The European Union and the Northern Ireland Peace Process
It is very common to read articles, commentaries, and policy reports describing the role of the European Union (EU) in the Northern Ireland peace process that exclusively address events, rather than processes. The problem with taking an a-historical view - or of not paying enough attention to history - is that we do not yet fully understood the roots and evolution of the EU peacebuilding intervention in Northern Ireland. It is understandable that policymakers, practitioners, journalists, and academics must react to contemporary problems. They are faced with immediate issues - such as for example the Brexit process - that demands a solution. Still, if the immediacy of events can demand our attention, we should not forget that events are the result of processes. Hence, a timeline that merely reports events (such as the signature of a peace accord or a ceasefire) and does not record the trends in the society, polity, or institutional developments, risks missing the wider picture.
My book, The European Union and the Northern Ireland Peace Process raises many similar questions to those articles, commentaries, and policy reports. However, it approaches them from a more detailed historical and theoretical analysis than hitherto available. My aim was to provide an account of the genesis of the EU’s role in the Northern Ireland peace process; one that discusses how the EU contributed to transforming the region from a site of violent, ethno-national conflict, to a site of peacebuilding and conflict amelioration.

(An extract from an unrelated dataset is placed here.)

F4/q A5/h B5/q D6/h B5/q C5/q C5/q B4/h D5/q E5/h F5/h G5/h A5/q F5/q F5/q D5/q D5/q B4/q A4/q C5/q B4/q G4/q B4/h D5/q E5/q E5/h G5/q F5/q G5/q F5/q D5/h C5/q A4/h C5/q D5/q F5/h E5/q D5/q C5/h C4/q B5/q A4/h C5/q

One that describes how the EU attempted to enhance the re-emergence, restructuring, and strategic reorientation of politics from conflict to peace, from a perspective that combined theoretical elements of metagovernance with a specific peacebuilding viewpoint. This approach can also be related to a wider academic literature that highlights the complex and often unpredictable political changes produced by the implementation of EU peacebuilding efforts in areas of conflict.